Men’s Life Today: Are companies that show up for job fairs really hiring or are they just trawling for resumes?
: In this economy, no corporation can afford to attend a career fair if it doesn’t have jobs to offer.

MLT: What if the companies coming to the fair are not on my short list of places to work?
: Don’t rule them out. Even if an employer is outside your current industry, you never know what positions the company may have available or how its representatives can help you.

MLT: What’s the best way to prepare?
: Visit the Web sites of participating companies, read their press releases and search local newspapers for information on them. Also scour job boards for openings at the respective companies. Arrive at the fair ready to speak about those specific positions and explain why you believe your skills match the job.

Cronan: Don’t show up asking, “So what jobs do you have?” or worse, “What does your company do?” Also, to ease your nerves and get you in the habit of selling yourself, ask a friend or family member to help you practice your elevator speech -- a 30-second pitch that sums up your skills and offerings.

MLT: How long should I spend there?
: Plan to stay the entire day and see everyone. Yes, everyone. You never know when a connection you’ve made will lead to a job. And make sure to also speak with the people waiting in line with you.

MLT: What should I wear?
Consider this your first interview. Dress at least one level above what you’d be wearing on the job.

Nawoj: Err on the side of conservative. You only have a few seconds to make a good first impression, so do it right.          

MLT: What should I bring?
Make sure you have plenty of updated resumes -- and make sure they are proofread and free of errors.

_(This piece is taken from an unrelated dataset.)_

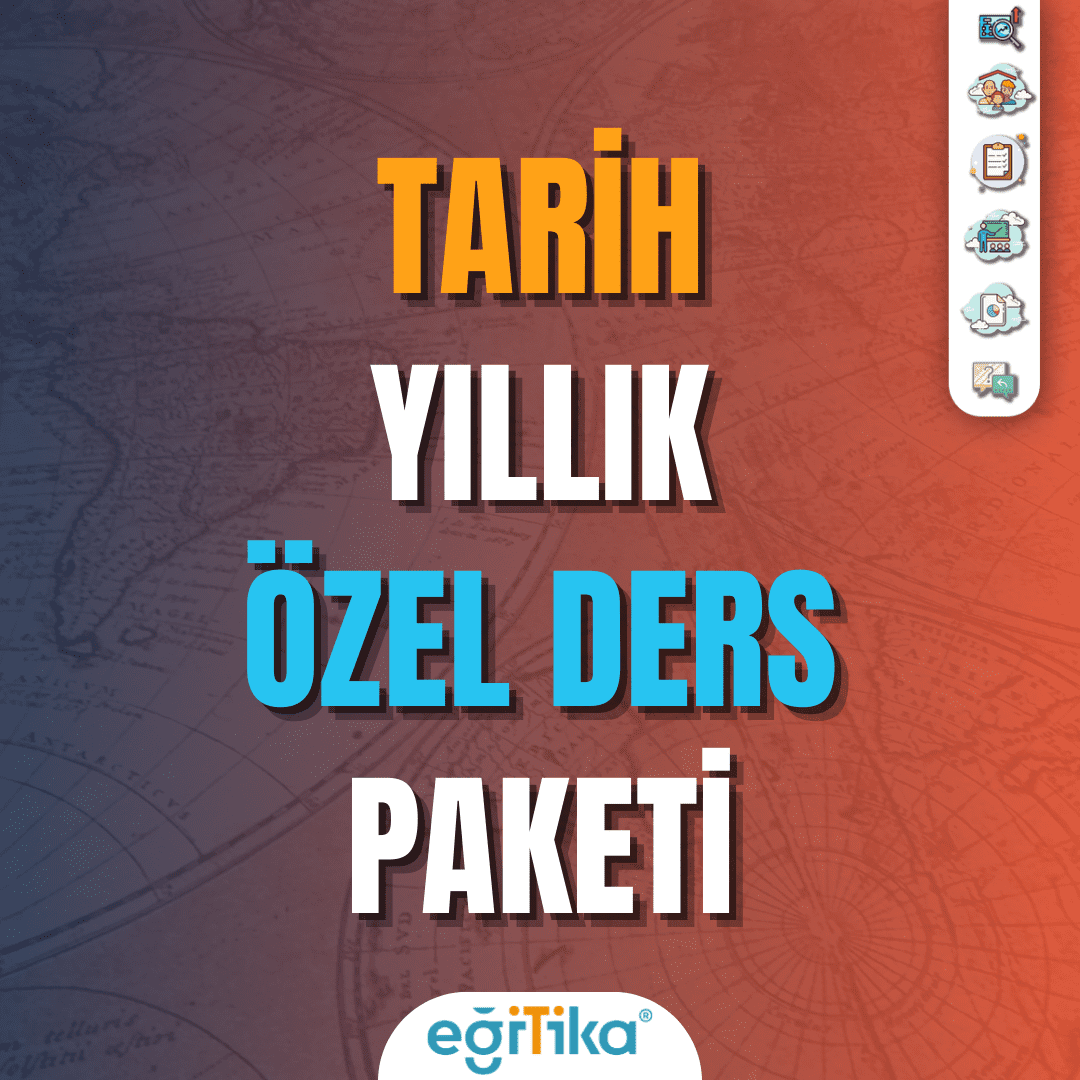eğitika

Winegardner: If you are exploring more than one sort of job, be sure to bring resumes tailored to each type of job you’re seeking. Also bring business cards and don’t forget to ask the interviewers for their cards. You don’t necessarily need to bring references; in fact, keeping them aside can provide you with a good excuse to follow up.          

MLT: What’s the best way to manage my time?
: Begin with the companies you’re least interested in. This will give you the chance to build your confidence and practice. Just don’t wait too long to meet with the companies you really want to target. It will be harder to make a memorable impression on someone at the end of a long day.

MLT: How long should I expect with each recruiter?
: No more than five minutes, maybe less. Recruiters will decide within the first 45 seconds whether your resume is going into Pile A or Pile B and also whether it’s going to the top or bottom of those piles. Make eye contact, use a firm handshake, speak clearly and have a rehearsed introduction ready to go. End your introduction with a question, which will help you engage the recruiters.

MLT: What if they ask about my salary requirements?
: It’s a “gotcha” question. In all likelihood, they are trying to see how you handle uncomfortable situations. Stay calm and instead of answering directly, say you’d love to hold off on the compensation discussion until you can meet them for a follow-up. Likewise, you should not bring up salary yourself.

MLT: How should I wrap up the exchange?
: Something along the lines of “I’d love to stay connected with you. What’s the best way for me to do that?” If all has gone according to plan, you’ll be well on your way to scheduling your second interview.